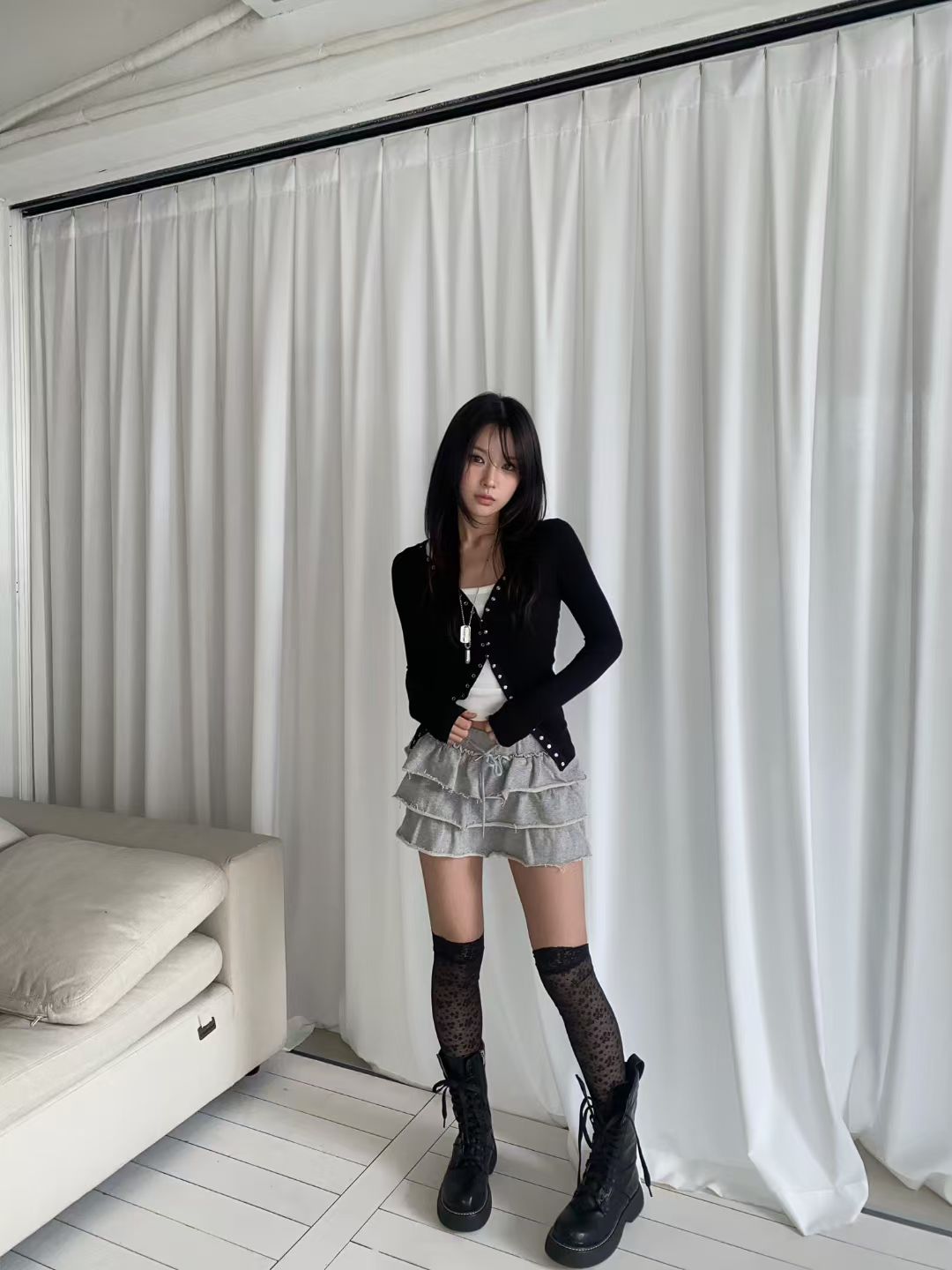 Full Button Hooded Long-sleeves Top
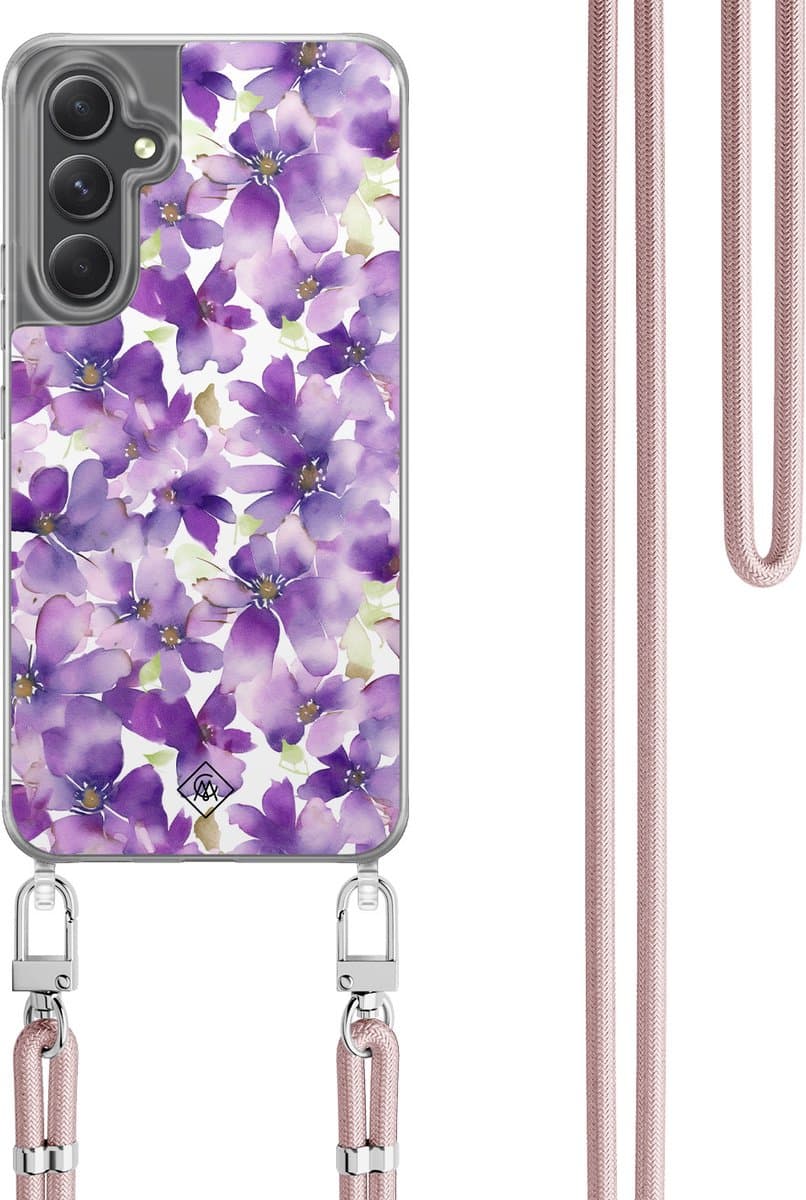 Casimoda® hoesje met koord - Geschikt voor Samsung A34 - Floral Violet - Afneembaar koord - TPU/polycarbonaat - Paars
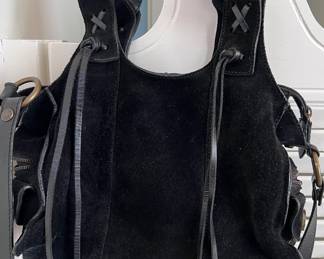 Purse Black Suede w Fringe Francesco Biasia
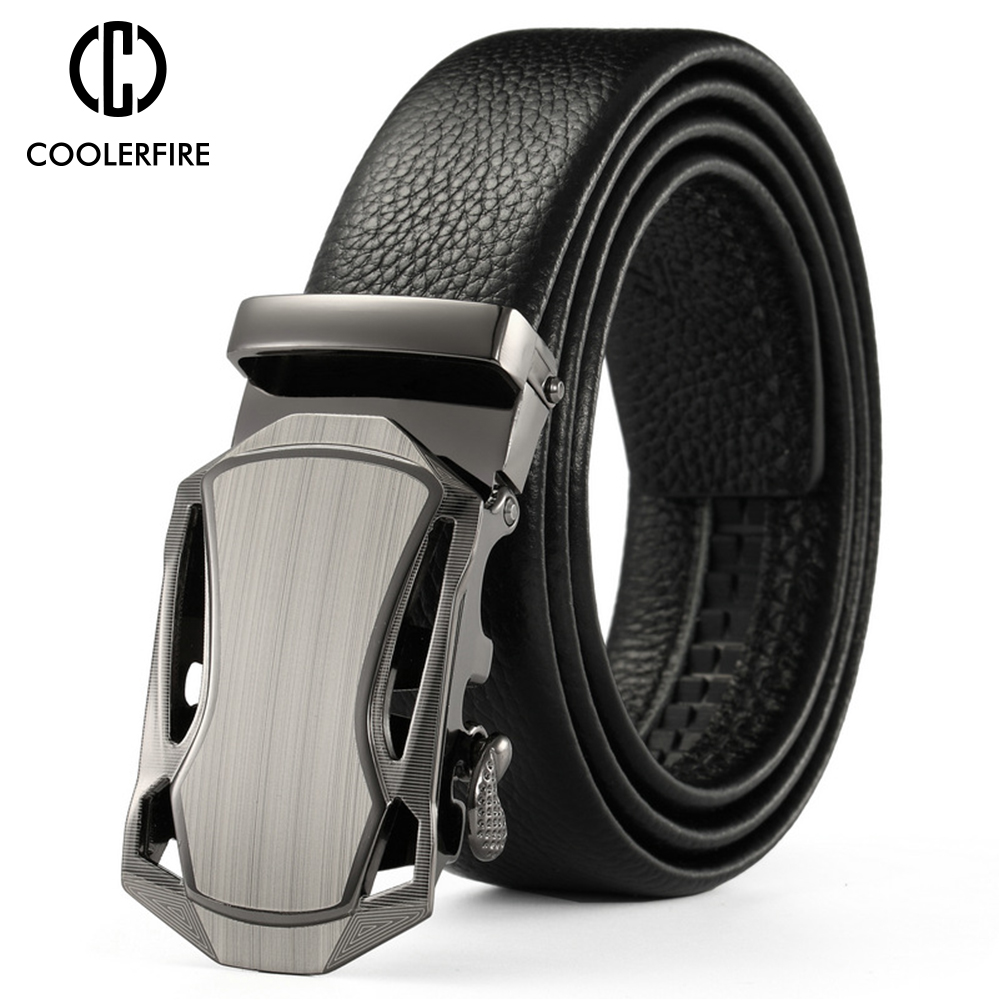 Men Belts Metal Automatic Buck - Leather Works Belt 评论和价格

* * * * *

- EXERCISE GOAL -
Reproduce the lines of the data that run from the one containing "Casimoda® hoesje met" to the final line, both included, exactly as they appear and without the pictures.

- EXPECTED OUTPUT -
 Casimoda® hoesje met koord - Geschikt voor Samsung A34 - Floral Violet - Afneembaar koord - TPU/polycarbonaat - Paars
 Purse Black Suede w Fringe Francesco Biasia
 Men Belts Metal Automatic Buck - Leather Works Belt 评论和价格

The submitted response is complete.